From a methodological perspective, despite some shortcomings associated with the use of proxy respondents (common to all VA methods), and that vital events are updated annually in Agincourt resulting in longer recall periods and potentially underestimating perinatal and infant mortality (1), the evidence is very clear that the surveillance operations mounted in the Agincourt HDSS have succeeded to a large extent in identifying and registering deaths, and subsequently determining cause of death. The use of the WHO 2012 VA standard and the InterVA-4 model, even as applied here retrospectively to VA material that was not originally envisaged to be computer coded, has resulted in a plausible picture of a major epidemic. This was possible even though the methods had no means of ‘knowing’ about the development of the epidemic. This clearly demonstrates that it is feasible to use a general model for cause of death assignment, which does not need to be fed with local knowledge of mortality patterns and changes.
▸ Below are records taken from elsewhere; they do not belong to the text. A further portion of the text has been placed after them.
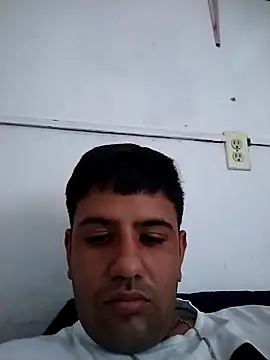 Snapshot of trox_memide21cm chatting on 04-28-26, 10:59 trox memide21cm online show from 04-28-26, 10:59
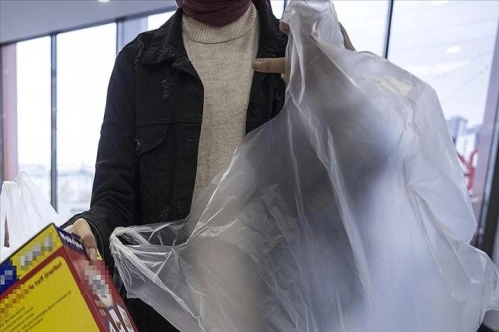 Plastik poşetten 3,5 yılda 3.8 milyar lira tasarruf edildi Plastik poşetten 3,5 yılda 3.8 milyar lira tasarruf edildi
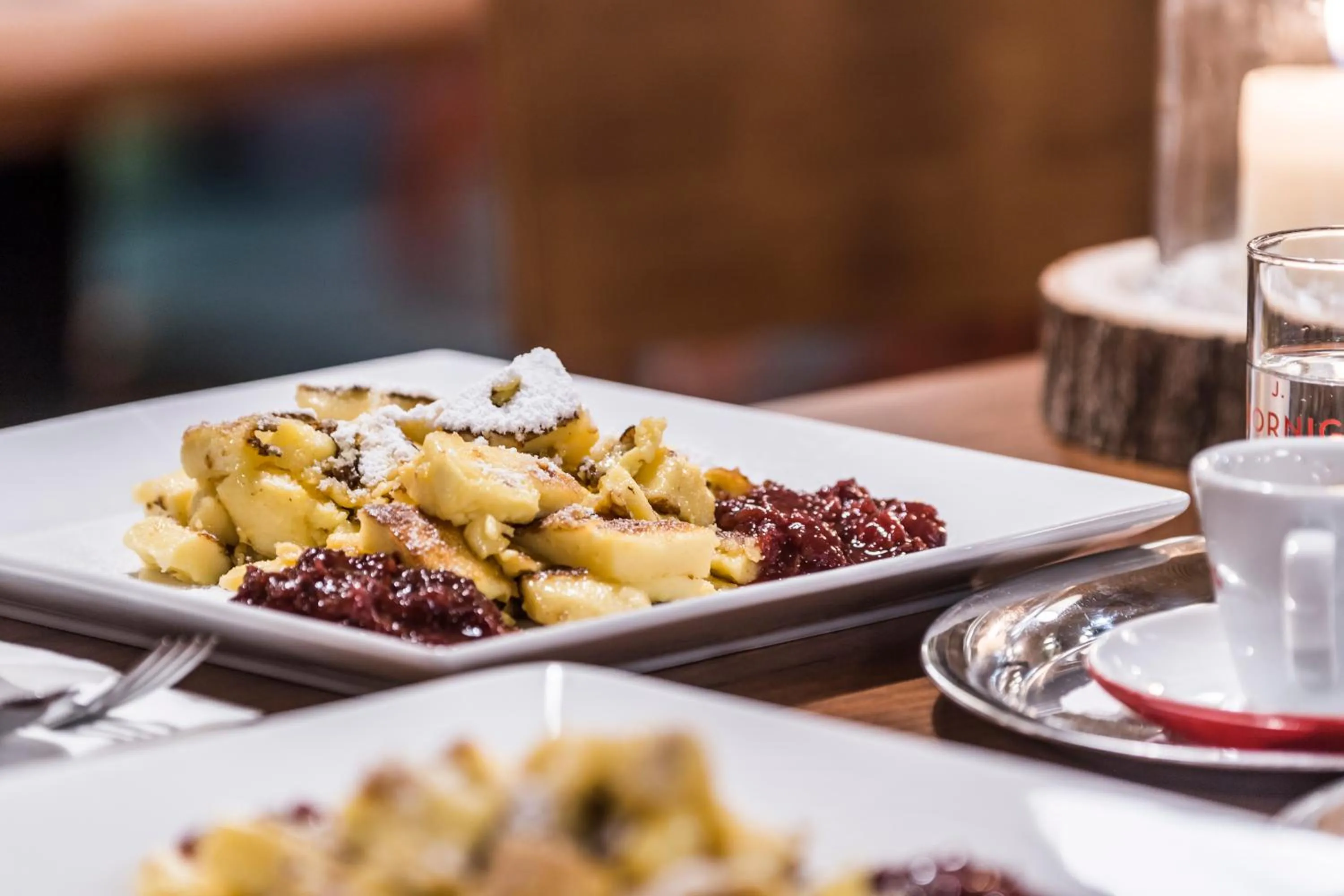 Food and drinks in JUFA Hotel Grundlsee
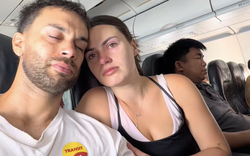 2 khách Tây ôm nhau khóc trên máy bay rời Việt Nam vì lý do đầy xúc động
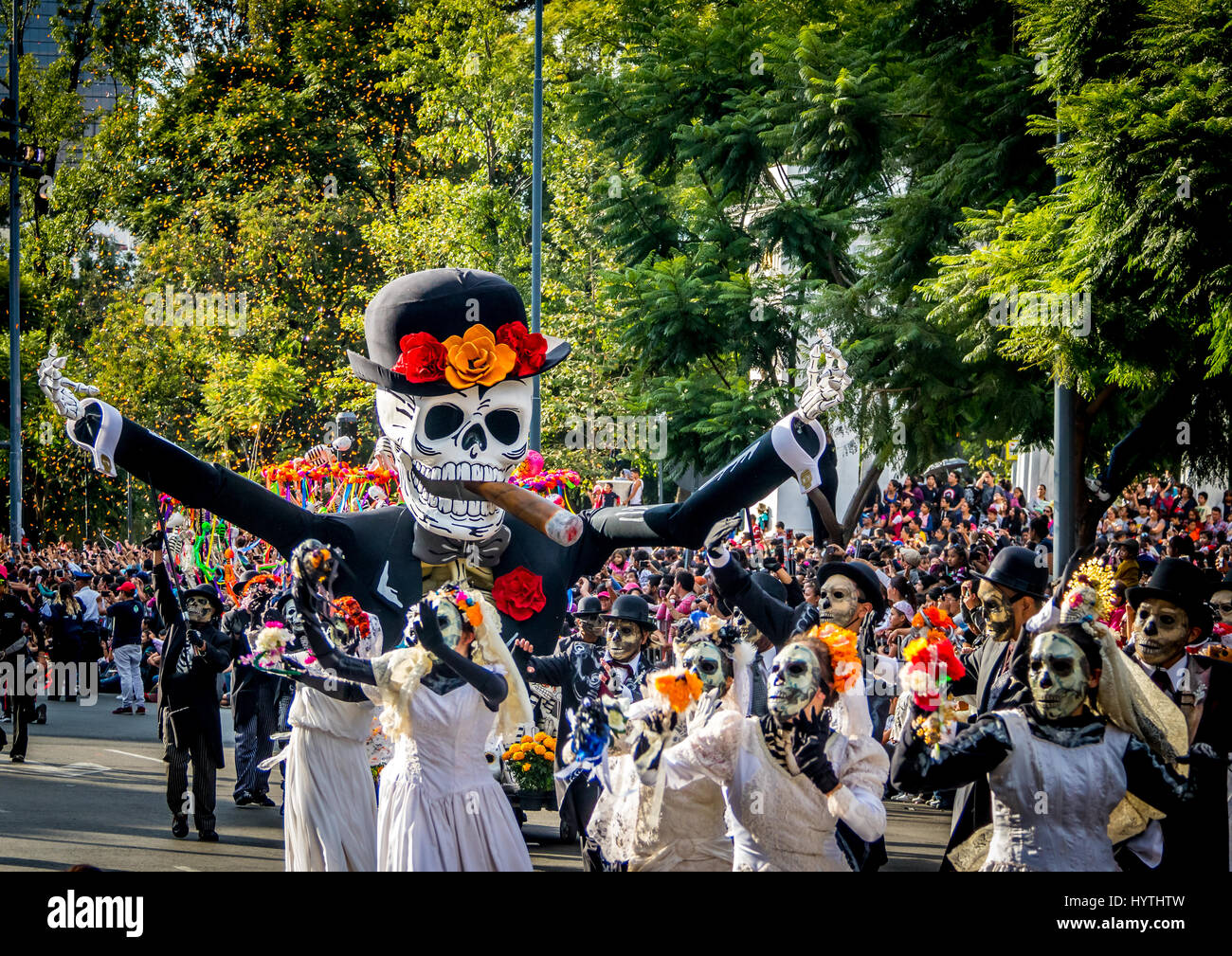 dividendo postre realidad El día de los muertos (Dia de los Muertos) desfile en la Ciudad de México -  México Fotografía de stock - Alamy
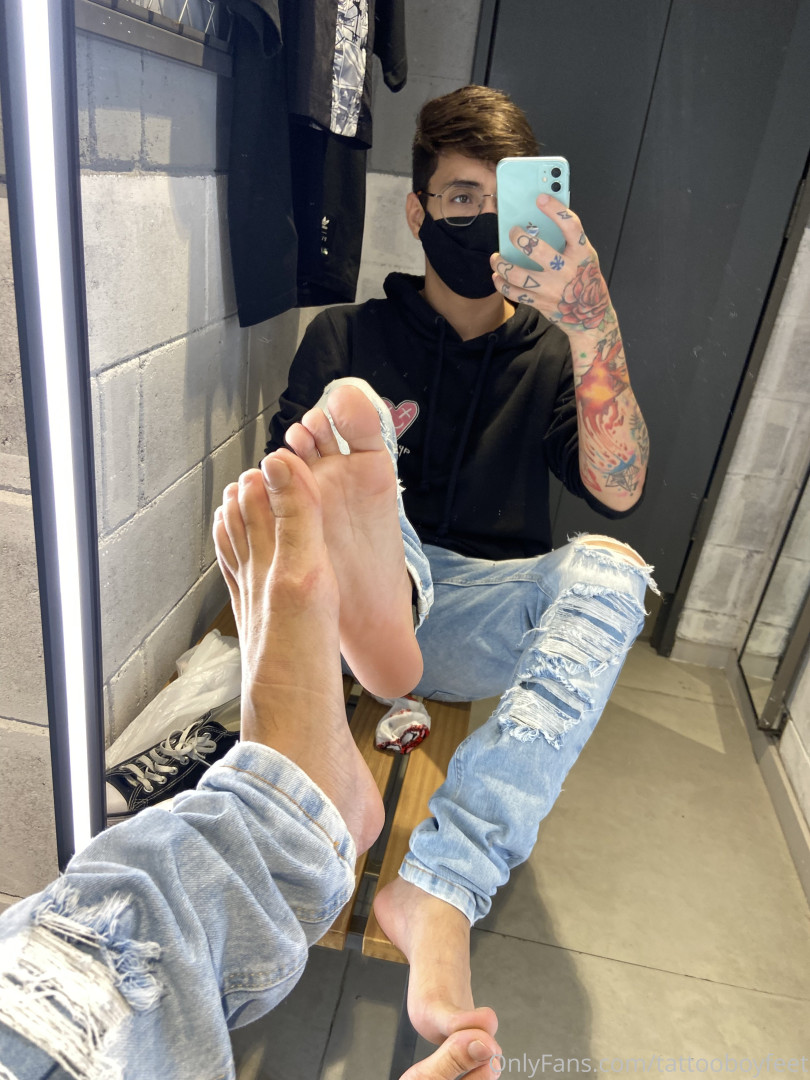 Photo by tattooboyfeet published on October 15,2023 07:32:45 - BestThots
The analyses in this paper were restricted by the available data, and conformed to WHO-defined age groups and cause categories. We anticipate forthcoming papers utilizing advanced statistical analysis techniques and an extended time period to capture more fully the effects of the public sector rollout of ART and also assess the impacts of the seismic political and social changes following the abolition of racial segregation (apartheid), including the changing exposures associated with evolving patterns of migration and livelihoods, and the first universal elections in South Africa in 1994.

Conclusions

The Agincourt population has experienced a major mortality shock over the past two decades, from which it will take time to recover. The basic mortality pattern is consistent with the generalised pattern of mortality from an unfinished burden of communicable and nutritional diseases, HIV/AIDS, NCD, and violence and injuries observed elsewhere in South Africa (51–54), but the detailed individual surveillance behind these analyses allows finer-grained analyses of specific causes, age-related risks, and trends over time. The mortality trends presented here contribute to the understanding of South Africa's progress towards the achievement of some of the health-related millennium development goals. Most important, the trends highlight the importance of monitoring the evolution of NCD conditions and their risk factors and the need for South Africa to focus on their prevention, control, and treatment while continuing to strengthen HIV/AIDS prevention and treatment programmes in order to achieve further reductions in mortality rates.